(Web page caption snippets)
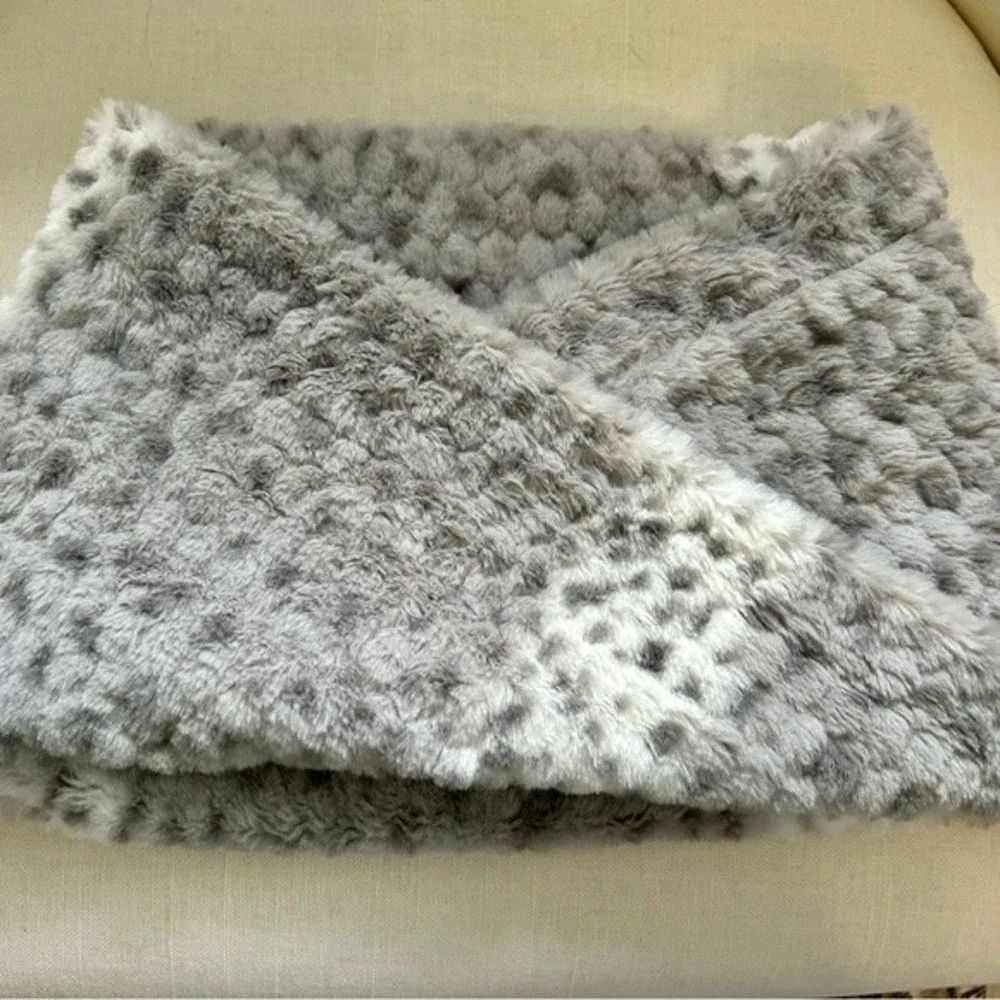 Faux fur infinity neck scarf for winter warmth. Gray and cream with animal spots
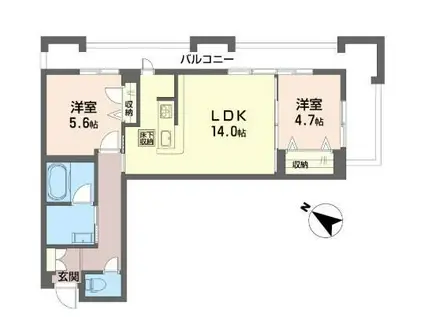 ヴァレンズ・クレシェレ(2LDK/1階)の間取り写真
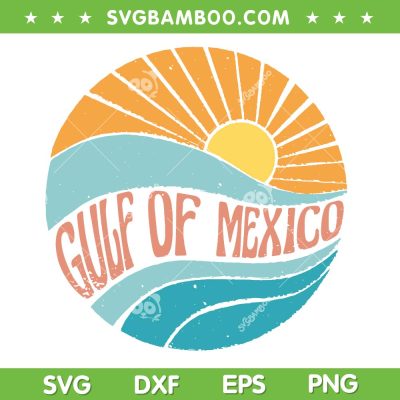 Gulf of Mexico Vintage SVG PNG, Mexico Summer Sun SVG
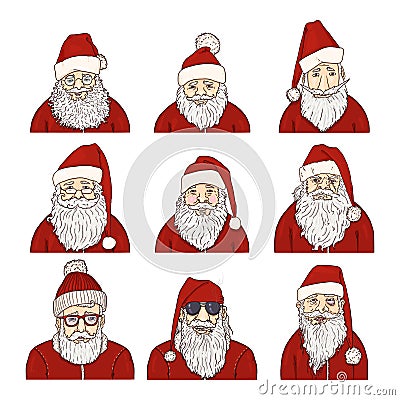 Vector Set of Cartoon Santa Claus Characters Vector Illustration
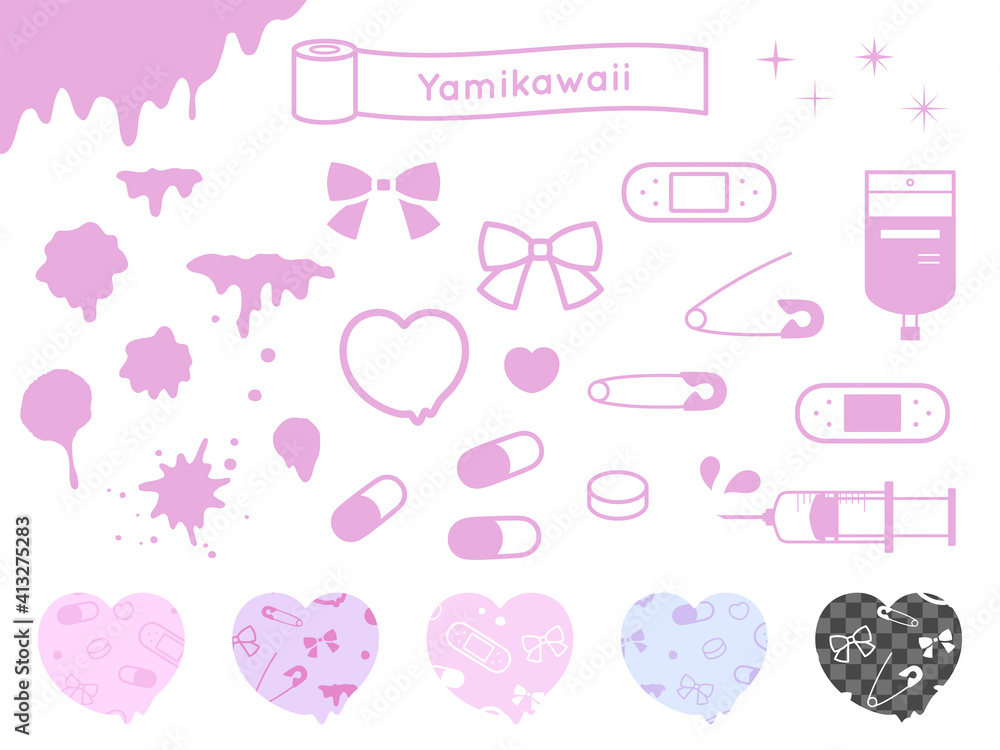 病みかわいい シンプルなシルエット素材とシームレスパターンのセット Fototapety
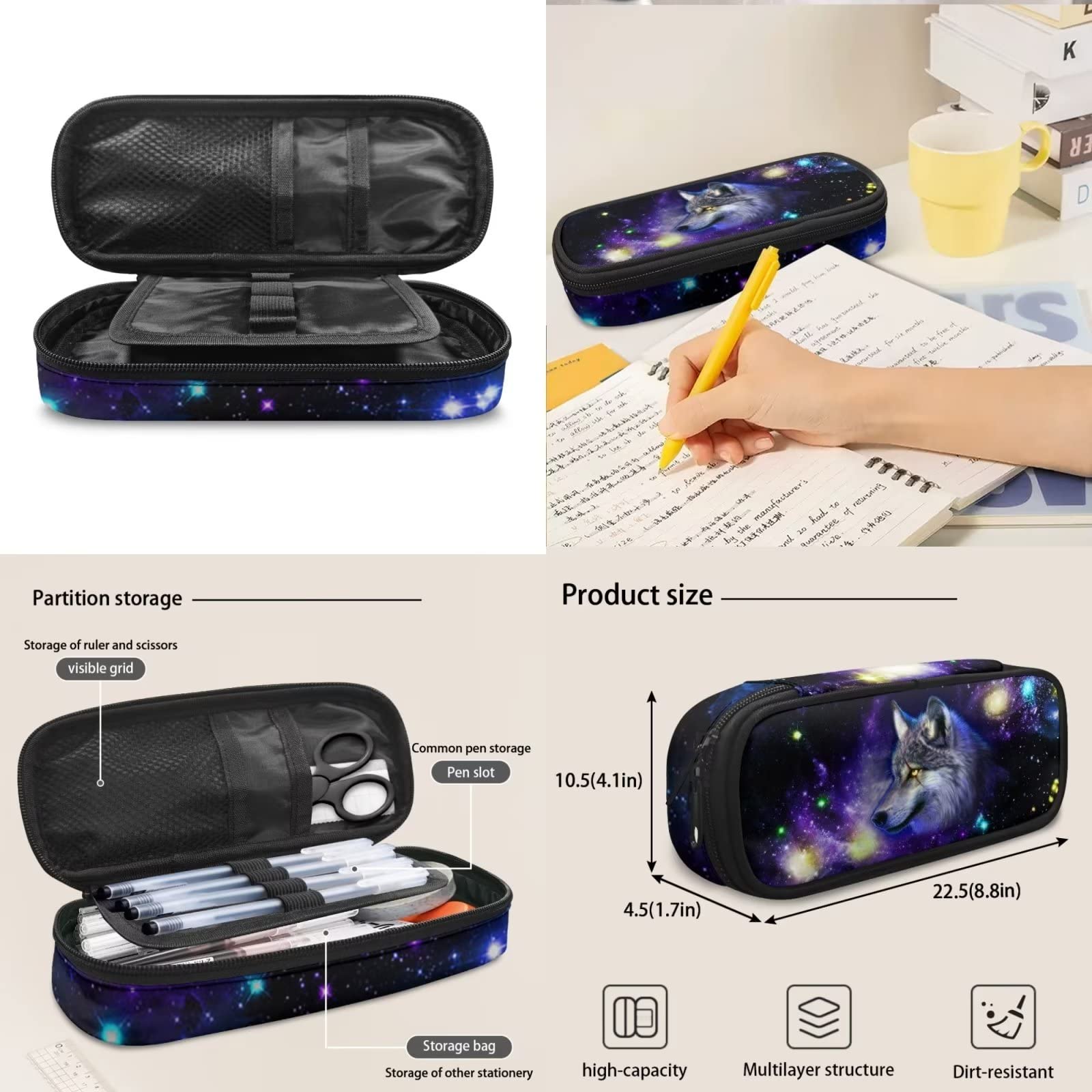 Dolyues Juego de bolsas escolares para niñas y niños, bolsa de libros de escuela primaria con bolsa de almuerzo y estuche para lápices, 3 piezas, Lobo Galaxia Púrpura, Mochila infantil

What you are asked to do: Copy exactly the lines that run from the line containing "Vector Set of" to the end of the data above, keeping both end lines and leaving out all pictures.

Answer to this task:
 Vector Set of Cartoon Santa Claus Characters Vector Illustration
 病みかわいい シンプルなシルエット素材とシームレスパターンのセット Fototapety
 Dolyues Juego de bolsas escolares para niñas y niños, bolsa de libros de escuela primaria con bolsa de almuerzo y estuche para lápices, 3 piezas, Lobo Galaxia Púrpura, Mochila infantil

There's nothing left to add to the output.